Bryan: You and Courtney were at the Red Dirt Fest, I heard there were problems?
Seth Glaser: Yeah our our mobile pit broke an axle. We almost didn’t go. Courtney and I loaded up briskets, I can’t remember, around five or five thirty in the morning. We told them (Red Dirt) we were going so we were going to keep our word. We drove like hell and made it up there. It was a great festival with the cool music afterwards, it was one big party all day long.
Bryan: I grew up in Austin, and I remember when the Pedernales ran with water.
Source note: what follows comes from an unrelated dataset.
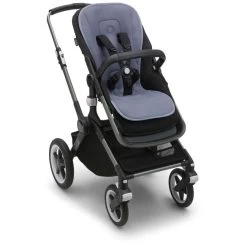 Bugaboo Dual Comfort Seatliner 6 Bugaboo Dual Comfort Seatliner -Babywinkel Voordeel 141742 1417422078 1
Now I see how dry it is when I come out here.
Seth Glaser: It seems like just a few years, maybe four or five when I was driving a boat down there, and now there’s nothing. We have a well down the road and it used to be only twenty or thirty feet deep. We’ve had to drill deeper since then. We’re kind of on the same water that Krause springs is on. They’re still pumping out plenty of water and it’s not a big concern right now. Further in Spicewood they have been trucking in water. I think by the time it could be (a problem) that LCRA is going to have water out here.
Bryan: Opie’s has been creating some unique rock and roll themed shirt. What is your favorite?
Seth Glaser: The “I was made for loving Que”; the KISS one is pretty sweet. I’ve always liked the state of Texas, so the regular one with Texas on it is also one of my favorites. I probably have twenty of those at home.
Bryan: Anything else you’d like to say?
Seth Glaser: I’d like to say our whole staff is dedicated to our customers as much as we can be. I couldn’t do it without all our employees. It’s a big team effort. If it wasn’t for them I wouldn’t be here. Believe it or not I like working with my in laws and my wife every day. A big thing I enjoy about working here is that our son Peyton goes to school a half a mile down the street so we get to bring him up here at work for an hour or two before school, then drop him off at school.
Bryan: Does he get to eat barbecue; does he like it?
Seth Glaser: He loves it.
Bryan: What’s his favorite?
Seth Glaser: He changes from month to month. A couple of days ago he was all about ribs. He always likes brisket and turkey. He even likes the babybacks. We have older people who come in here and say they’re way too spicy but my six year old son loves them. They do have a kick but they’re not overwhelming. I guess there are some people more sensitive than others.